This is an archived article that was published on sltrib.com in 2017, and information in the article may be outdated. It is provided only for personal research purposes and may not be reprinted.

As a Republican, I am proud of my GOP's heritage of conservation and disappointed by its recent performance. The GOP from its very beginning with our first president, Abraham Lincoln, through the early '70s with President Richard Nixon, took the lead in environmental and conservation issues.

Lincoln's work with Yosemite, followed by Ulysses S. Grant's establishment of Yellowstone as our first national park, got the GOP started as a conservation powerhouse. President Theodore Roosevelt amplified these efforts, becoming the president most identified with conservation. Nixon and other important Republican members of Congress in the late '60s and early '70s are are the most recent, but often overlooked, champions of environmental protection, establishing the EPA, ESA, Clean Water/Air Acts and more.
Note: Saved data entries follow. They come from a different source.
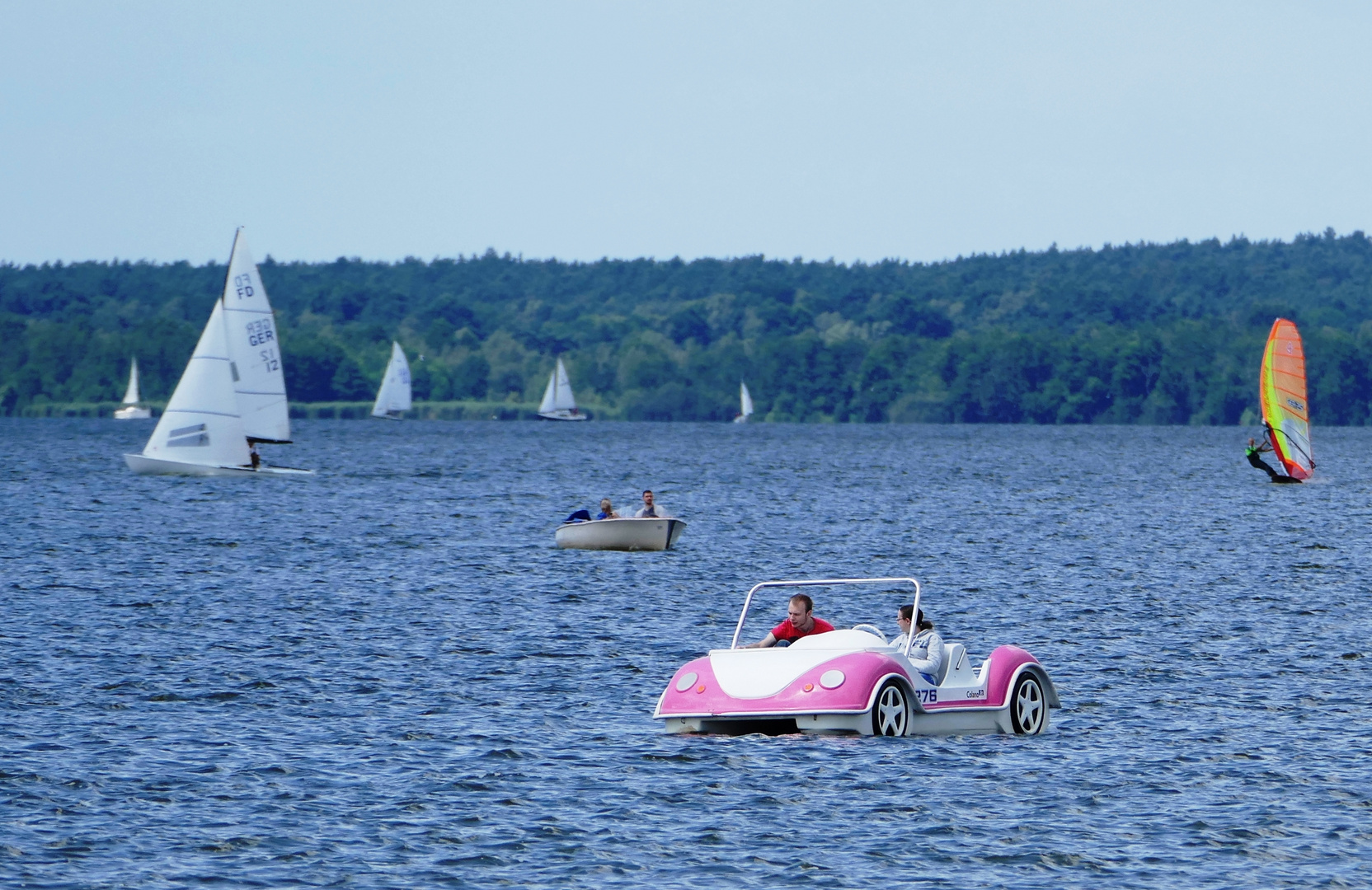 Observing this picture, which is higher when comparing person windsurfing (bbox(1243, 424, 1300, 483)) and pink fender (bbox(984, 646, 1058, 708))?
person windsurfing (bbox(1243, 424, 1300, 483))

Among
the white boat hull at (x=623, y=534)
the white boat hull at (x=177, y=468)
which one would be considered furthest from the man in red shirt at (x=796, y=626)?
the white boat hull at (x=177, y=468)

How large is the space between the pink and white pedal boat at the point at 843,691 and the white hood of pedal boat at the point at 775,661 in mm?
10

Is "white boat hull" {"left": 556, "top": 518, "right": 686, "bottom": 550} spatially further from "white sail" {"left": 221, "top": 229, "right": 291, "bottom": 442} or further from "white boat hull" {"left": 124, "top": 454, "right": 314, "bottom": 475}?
"white boat hull" {"left": 124, "top": 454, "right": 314, "bottom": 475}

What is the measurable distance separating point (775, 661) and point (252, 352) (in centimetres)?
6835

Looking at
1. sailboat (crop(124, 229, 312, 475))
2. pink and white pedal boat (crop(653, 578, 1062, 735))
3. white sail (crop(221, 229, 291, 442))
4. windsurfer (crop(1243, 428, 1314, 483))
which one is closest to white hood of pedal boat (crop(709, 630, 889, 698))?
pink and white pedal boat (crop(653, 578, 1062, 735))

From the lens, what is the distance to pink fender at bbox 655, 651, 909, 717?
2495cm

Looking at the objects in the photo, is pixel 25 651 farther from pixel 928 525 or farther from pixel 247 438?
pixel 247 438

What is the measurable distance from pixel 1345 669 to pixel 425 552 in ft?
110

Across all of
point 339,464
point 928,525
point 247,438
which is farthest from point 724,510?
point 339,464

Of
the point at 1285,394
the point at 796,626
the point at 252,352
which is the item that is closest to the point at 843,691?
the point at 796,626

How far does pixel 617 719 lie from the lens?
28859mm

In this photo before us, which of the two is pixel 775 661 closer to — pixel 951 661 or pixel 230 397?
pixel 951 661

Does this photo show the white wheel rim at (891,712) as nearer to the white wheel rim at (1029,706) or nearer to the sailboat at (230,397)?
the white wheel rim at (1029,706)

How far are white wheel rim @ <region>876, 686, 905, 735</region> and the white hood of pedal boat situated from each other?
0.61 metres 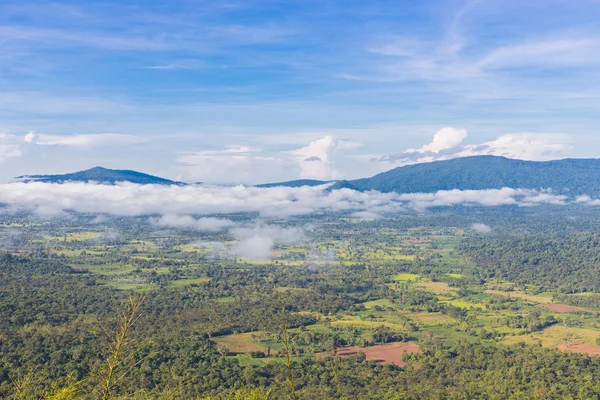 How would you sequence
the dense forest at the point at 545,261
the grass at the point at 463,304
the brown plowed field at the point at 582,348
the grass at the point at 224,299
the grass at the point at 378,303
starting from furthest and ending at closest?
the dense forest at the point at 545,261 → the grass at the point at 378,303 → the grass at the point at 224,299 → the grass at the point at 463,304 → the brown plowed field at the point at 582,348

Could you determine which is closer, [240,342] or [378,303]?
[240,342]

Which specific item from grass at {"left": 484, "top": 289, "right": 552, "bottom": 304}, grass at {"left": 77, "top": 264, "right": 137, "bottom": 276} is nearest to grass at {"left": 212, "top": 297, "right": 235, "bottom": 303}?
grass at {"left": 77, "top": 264, "right": 137, "bottom": 276}

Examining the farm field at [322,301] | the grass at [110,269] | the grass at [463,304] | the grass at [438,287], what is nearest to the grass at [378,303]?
the farm field at [322,301]

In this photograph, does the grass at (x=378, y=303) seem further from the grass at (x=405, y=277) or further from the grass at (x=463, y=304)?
the grass at (x=405, y=277)

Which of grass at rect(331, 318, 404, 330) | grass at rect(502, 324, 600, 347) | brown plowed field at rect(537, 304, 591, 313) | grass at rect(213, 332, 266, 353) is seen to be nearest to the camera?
grass at rect(213, 332, 266, 353)

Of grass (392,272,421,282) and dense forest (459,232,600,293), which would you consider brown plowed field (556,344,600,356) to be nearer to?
dense forest (459,232,600,293)

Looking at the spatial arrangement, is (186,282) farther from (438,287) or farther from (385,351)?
(385,351)

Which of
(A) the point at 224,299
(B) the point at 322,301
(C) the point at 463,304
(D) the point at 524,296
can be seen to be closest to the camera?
(C) the point at 463,304

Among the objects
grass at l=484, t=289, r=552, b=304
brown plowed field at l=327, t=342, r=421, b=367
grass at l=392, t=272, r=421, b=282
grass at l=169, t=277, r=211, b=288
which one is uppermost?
grass at l=169, t=277, r=211, b=288

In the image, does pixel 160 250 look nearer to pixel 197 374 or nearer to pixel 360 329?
pixel 360 329

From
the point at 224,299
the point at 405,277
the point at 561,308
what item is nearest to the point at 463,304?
the point at 561,308

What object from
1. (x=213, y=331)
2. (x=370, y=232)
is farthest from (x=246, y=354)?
(x=370, y=232) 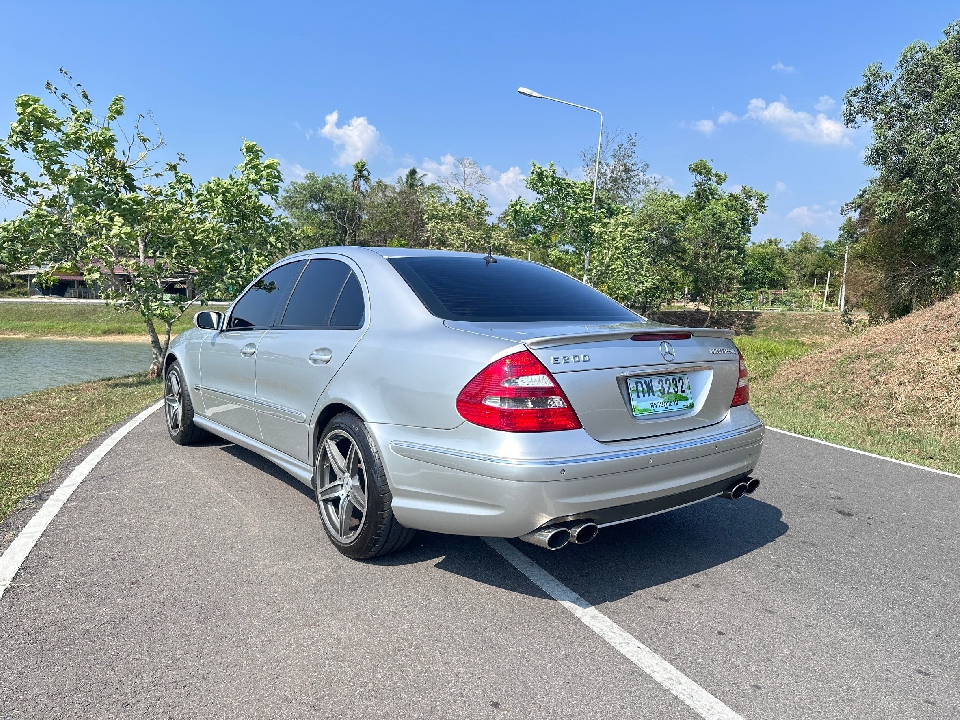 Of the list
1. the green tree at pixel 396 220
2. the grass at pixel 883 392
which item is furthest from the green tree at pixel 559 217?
the green tree at pixel 396 220

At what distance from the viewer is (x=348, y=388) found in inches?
147

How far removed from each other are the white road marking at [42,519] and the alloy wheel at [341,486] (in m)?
1.56

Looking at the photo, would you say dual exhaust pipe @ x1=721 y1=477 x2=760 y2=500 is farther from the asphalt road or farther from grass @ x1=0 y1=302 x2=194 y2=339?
grass @ x1=0 y1=302 x2=194 y2=339

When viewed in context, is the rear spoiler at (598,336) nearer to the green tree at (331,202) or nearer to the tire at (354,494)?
the tire at (354,494)

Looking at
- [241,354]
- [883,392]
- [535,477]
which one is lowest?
[883,392]

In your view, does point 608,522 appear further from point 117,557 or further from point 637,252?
point 637,252

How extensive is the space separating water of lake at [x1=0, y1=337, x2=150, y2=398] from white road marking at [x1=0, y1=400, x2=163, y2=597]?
→ 10.3 metres

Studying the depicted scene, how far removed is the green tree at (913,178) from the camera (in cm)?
1850

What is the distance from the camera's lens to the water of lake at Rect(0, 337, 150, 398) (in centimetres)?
1685

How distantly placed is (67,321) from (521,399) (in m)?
53.0

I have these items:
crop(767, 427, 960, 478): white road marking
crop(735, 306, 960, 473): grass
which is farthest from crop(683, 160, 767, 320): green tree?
crop(767, 427, 960, 478): white road marking

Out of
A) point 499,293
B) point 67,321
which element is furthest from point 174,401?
point 67,321

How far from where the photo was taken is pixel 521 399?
9.89 feet

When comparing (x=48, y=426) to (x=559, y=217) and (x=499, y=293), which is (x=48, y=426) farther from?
(x=559, y=217) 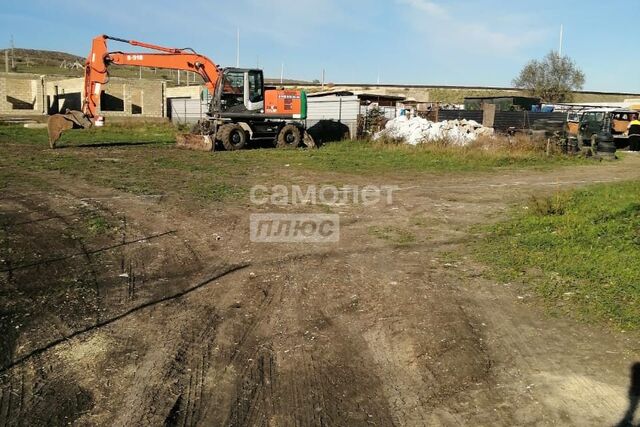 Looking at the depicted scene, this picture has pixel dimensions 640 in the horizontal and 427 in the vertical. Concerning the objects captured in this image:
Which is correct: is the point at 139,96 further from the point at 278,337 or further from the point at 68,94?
the point at 278,337

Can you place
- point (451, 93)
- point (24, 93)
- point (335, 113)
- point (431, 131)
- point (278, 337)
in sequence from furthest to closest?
point (451, 93), point (24, 93), point (335, 113), point (431, 131), point (278, 337)

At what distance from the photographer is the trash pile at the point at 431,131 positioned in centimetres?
2402

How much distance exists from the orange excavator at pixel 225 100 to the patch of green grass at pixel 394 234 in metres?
13.4

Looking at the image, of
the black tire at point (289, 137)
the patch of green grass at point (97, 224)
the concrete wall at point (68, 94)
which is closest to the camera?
the patch of green grass at point (97, 224)

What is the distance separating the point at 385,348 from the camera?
453cm

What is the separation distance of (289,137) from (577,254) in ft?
56.7

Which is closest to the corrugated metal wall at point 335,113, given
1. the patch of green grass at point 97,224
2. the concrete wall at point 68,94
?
the concrete wall at point 68,94

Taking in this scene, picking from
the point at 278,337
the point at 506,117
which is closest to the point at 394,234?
the point at 278,337

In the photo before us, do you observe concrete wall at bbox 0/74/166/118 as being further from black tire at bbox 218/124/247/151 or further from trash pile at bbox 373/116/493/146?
trash pile at bbox 373/116/493/146

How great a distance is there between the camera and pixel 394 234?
27.2 feet

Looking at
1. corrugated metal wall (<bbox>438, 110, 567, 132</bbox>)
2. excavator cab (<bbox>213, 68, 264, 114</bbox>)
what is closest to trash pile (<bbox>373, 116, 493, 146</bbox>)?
corrugated metal wall (<bbox>438, 110, 567, 132</bbox>)

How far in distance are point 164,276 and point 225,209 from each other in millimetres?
3750

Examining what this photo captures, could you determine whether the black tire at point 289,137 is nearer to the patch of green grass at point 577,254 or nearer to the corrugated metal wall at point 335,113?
the corrugated metal wall at point 335,113

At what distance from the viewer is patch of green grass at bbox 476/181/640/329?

I am calling on our Republican leaders to take back our GOP heritage of leadership on conservation issues.

A great first step would be for our congressional delegation to declare that President Barack Obama's declaration of Bears Ears National Monument, at 1.3 million acres, to have been a weak compromise. Then demand that its borders be expanded to the original 1.9 million acres or more to begin to re-establish the GOP as the conservation leader.